Although Bitcoin was launched in 2009, you have yet to see any mention of cryptocurrency on news channels or the internet. So many questions came in from readers and listeners to national radio stations on crypto. I explain the basics of digital tokens, mining, as well as how to start trading.
Unfortunately, there are many people who have been fooled by a crypto scam. Criminals wait for the money.
This is not financial advice. You should not risk any money in the crypto world. Let’s now take a look at some common terms.
You need to be familiar with the cryptocurrency terms that people use every day.
Every cryptocurrency transaction is recorded, verified, and processed on a Blockchain. Every time someone uses cryptocurrency to buy or sell, another entry is made to this virtual ledger.
The blockchain can be thought of as a collection of boxcars that run on a train. A cryptocurrency transaction adds another boxcar to the train.
Blockchain is distributed. It is not stored on one machine, or across any network. Instead, the blockchain is accessible from all computers around the globe that have internet access.

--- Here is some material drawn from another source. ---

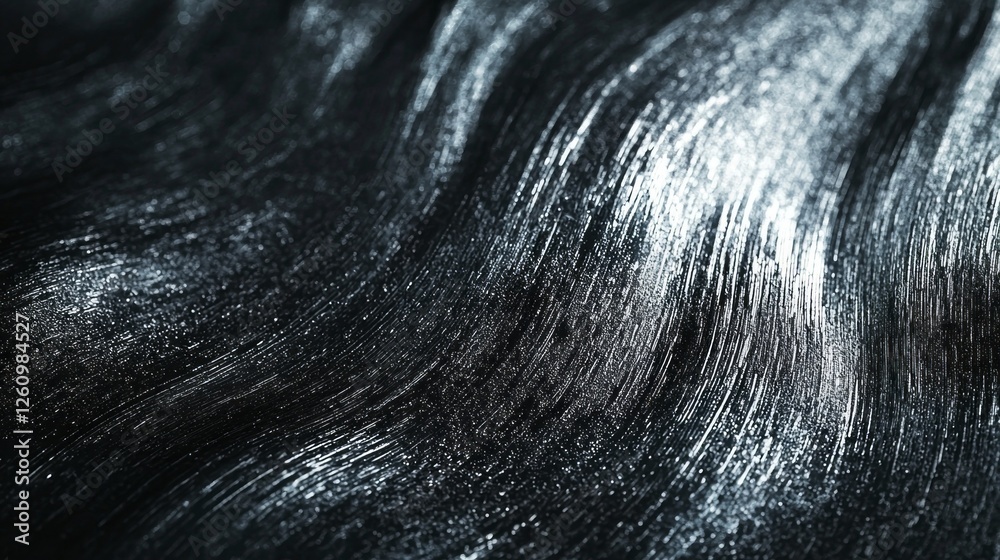 Poster a captivating interplay of dark gray and silver forms waves that gracefully flow and shimmer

Companies and individuals verify every transaction added to the blockchain by using their computers’ processing power in a decentralized peer network. Each transaction is individually encrypted and timestamped. They cannot be reversed. You read it right, crypto transactions can’t be reversed.
I understand what you are thinking. “I thought that a Fiat was an automobile.” But not in crypto-land. Fiat money is a government-issued currency. The U.S. Dollar is the currency you will use if you are in the United States.
Cryptocurrency is virtual money.
The government and any other standard used to back traditional currencies are not backed by cryptocurrencies. Each token represents the amount of your cryptocurrency.
The current market value determines how much each token is worth. It can go up or down depending on the market value. Price fluctuations with cryptocurrency can occur much faster and more frequently, both positively and negatively.
This is an easy one. An altcoin is any digital currency that’s not bitcoin. There are many cryptocurrencies available, and new ones are added every day.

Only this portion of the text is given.